* What to work on
Repeat the entries below exactly, pictures excluded.

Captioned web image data
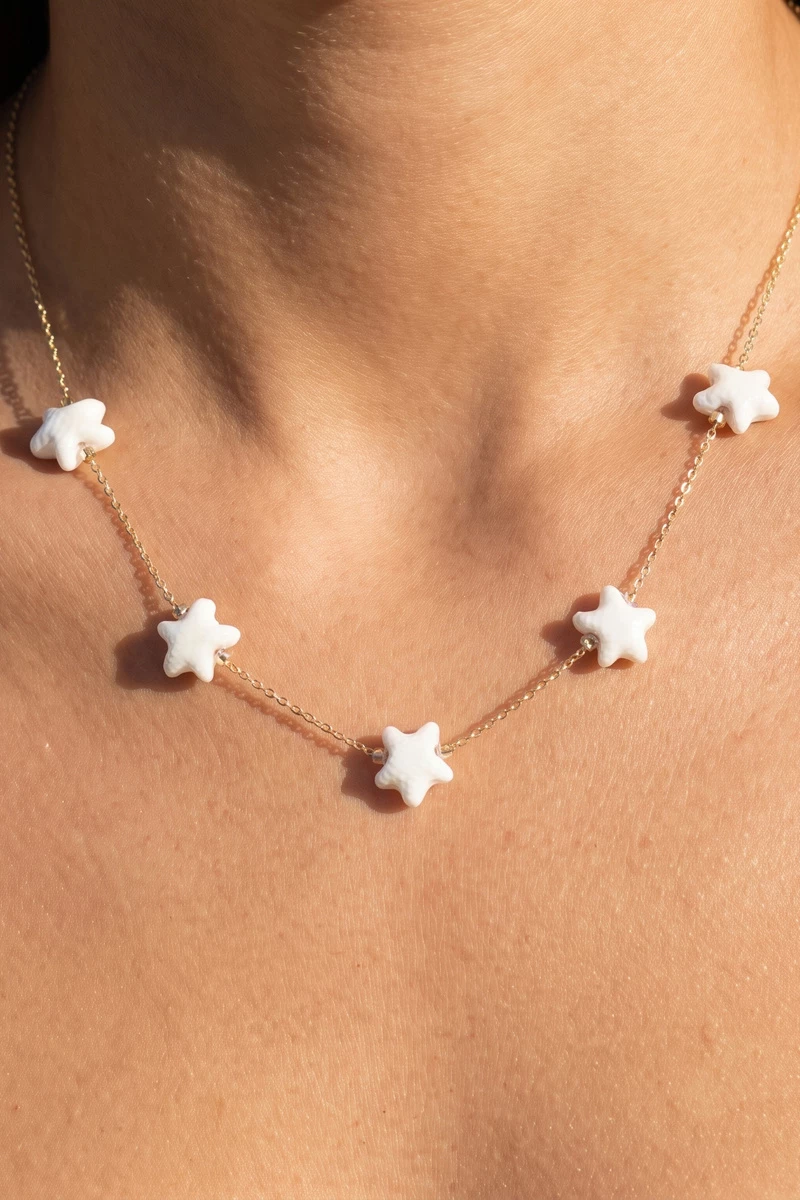 Ceramic Starfish Station Chain Necklace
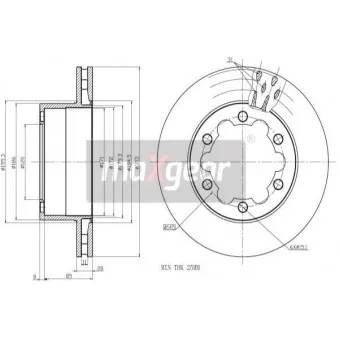 Jeu de 2 disques de frein arrière MAXGEAR 19-1051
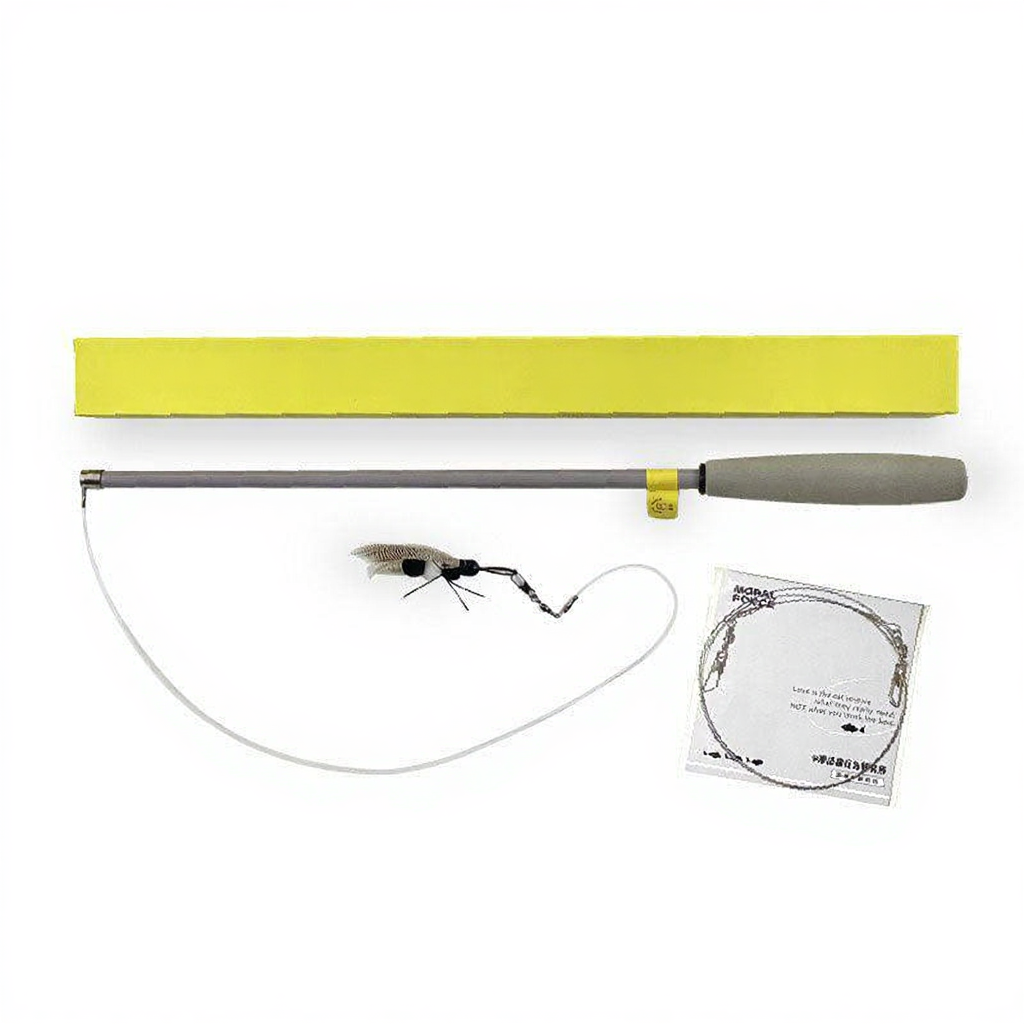 Catvera Retractable 180cm Cat Teaser - Image 3|||PROMPT|||Cleaned image. Original analysis: Found multiple brand names and logos: 'Hunting-master' text and logo on the yellow box/header, 'MOBAL' text on the instruction packet, and Japanese characters/branding on packaging and product labels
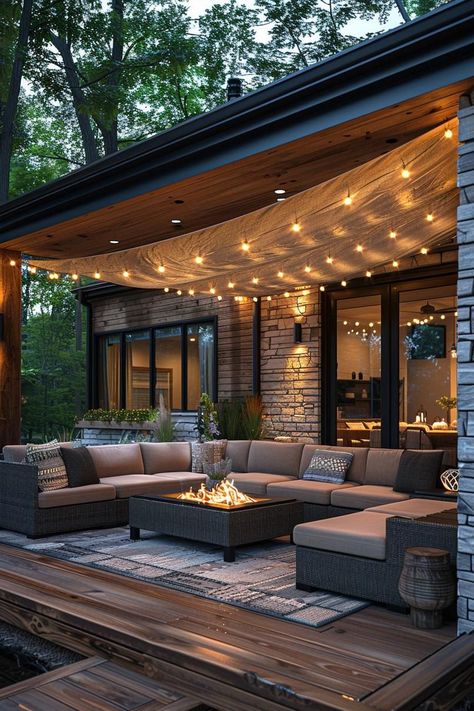 Backyard Terrace Ideas, Covered Back Deck Ideas, Outdoor Living Space Covered, Patio Covering Ideas, Outdoor Covered Patio Ideas, Patio Seating Ideas, Dream Home Backyard, Covered Outdoor Patio Ideas, Cozy Backyard Ideas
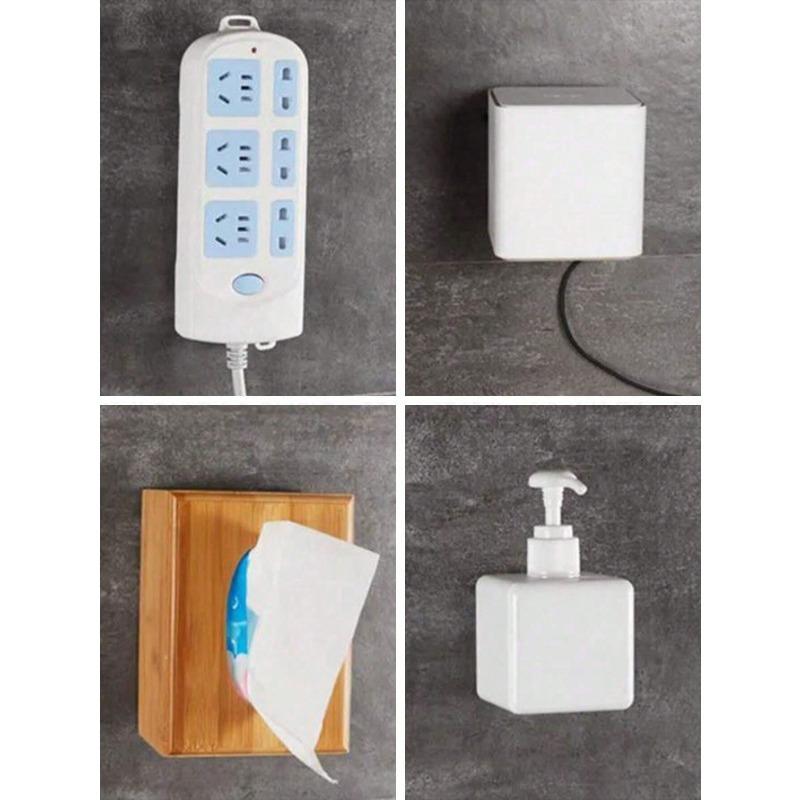 5 Pairs Clear Wall Hook, Adhesive Power Strip Rack For Household Transparent Strong Perforation-Free Storage Box Tissue Box Storage Shelf Clip Patch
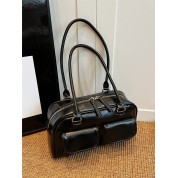 Black Leather Shoulder Bag With Pockets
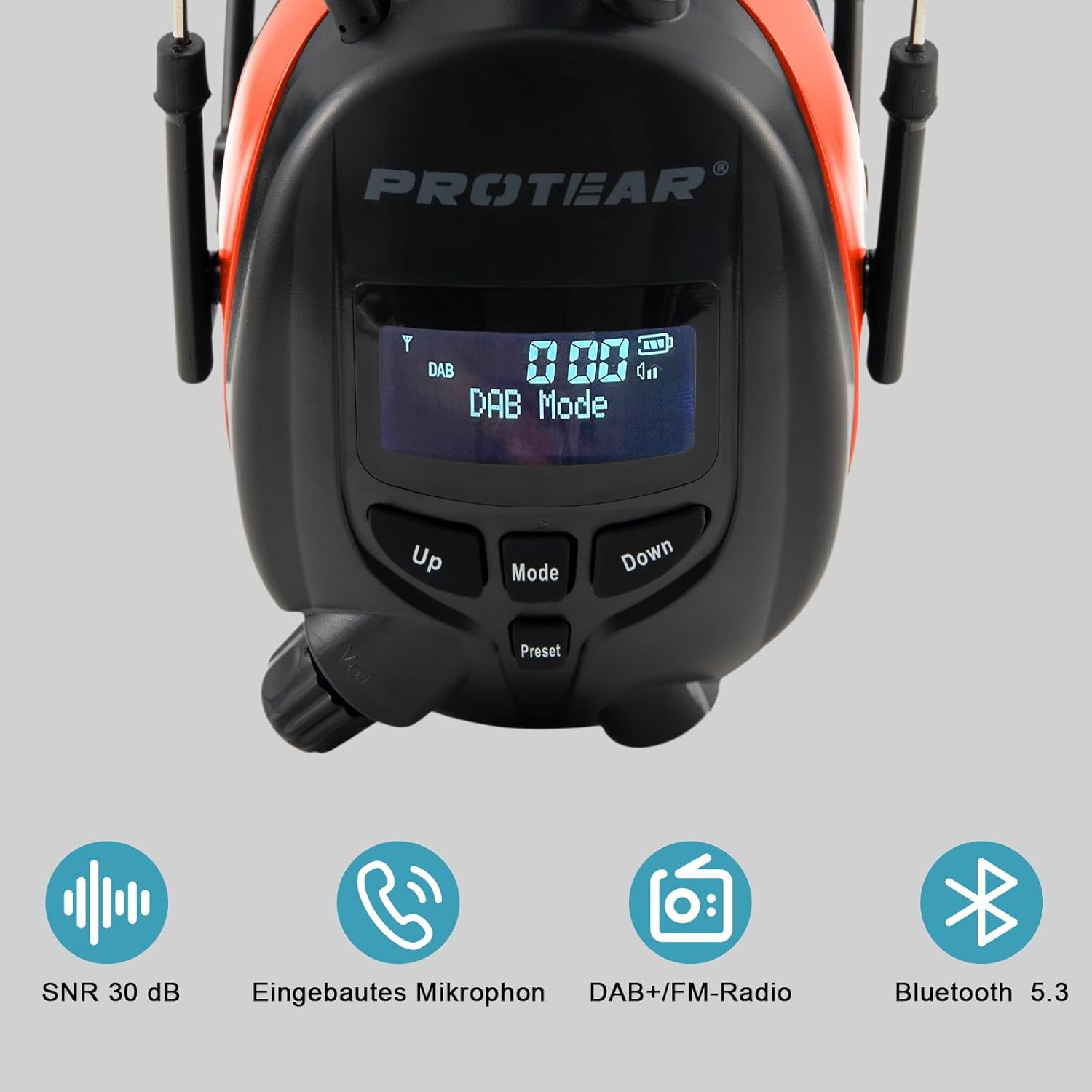 PROTEAR Cuffie Antirumore Bluetooth con Radio DAB/FM - immagine 2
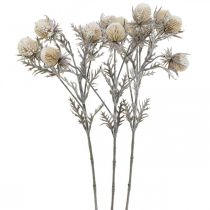 Branche de chardon artificiellement glacée branche déco hiver 55cm 3pcs
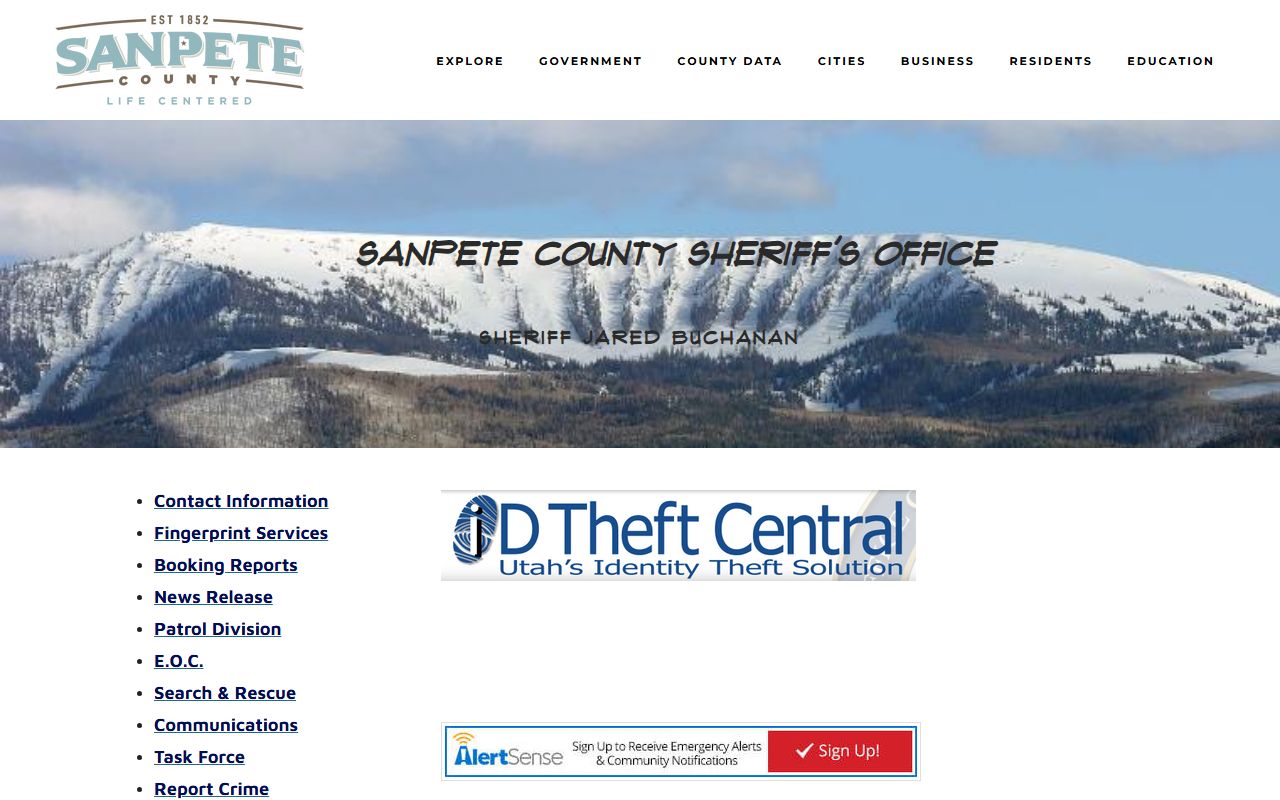 Sanpete County Sheriff Office arrest records felony case search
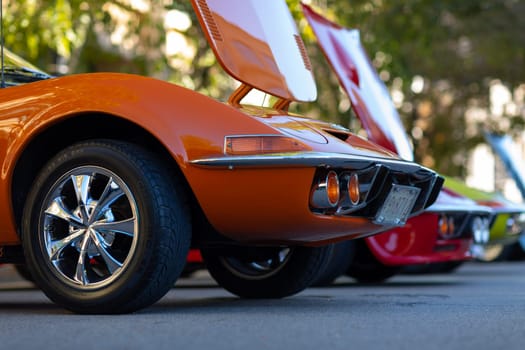 Springfield, Illinois, USA - September 22, 2018: The Route 66 Mother Road Festival, Opel GT, sports car on the streets of downtown Springfield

* Task answer
 Ceramic Starfish Station Chain Necklace
 Jeu de 2 disques de frein arrière MAXGEAR 19-1051
 Catvera Retractable 180cm Cat Teaser - Image 3|||PROMPT|||Cleaned image. Original analysis: Found multiple brand names and logos: 'Hunting-master' text and logo on the yellow box/header, 'MOBAL' text on the instruction packet, and Japanese characters/branding on packaging and product labels
 Backyard Terrace Ideas, Covered Back Deck Ideas, Outdoor Living Space Covered, Patio Covering Ideas, Outdoor Covered Patio Ideas, Patio Seating Ideas, Dream Home Backyard, Covered Outdoor Patio Ideas, Cozy Backyard Ideas
 5 Pairs Clear Wall Hook, Adhesive Power Strip Rack For Household Transparent Strong Perforation-Free Storage Box Tissue Box Storage Shelf Clip Patch
 Black Leather Shoulder Bag With Pockets
 PROTEAR Cuffie Antirumore Bluetooth con Radio DAB/FM - immagine 2
 Branche de chardon artificiellement glacée branche déco hiver 55cm 3pcs
 Sanpete County Sheriff Office arrest records felony case search
 Springfield, Illinois, USA - September 22, 2018: The Route 66 Mother Road Festival, Opel GT, sports car on the streets of downtown Springfield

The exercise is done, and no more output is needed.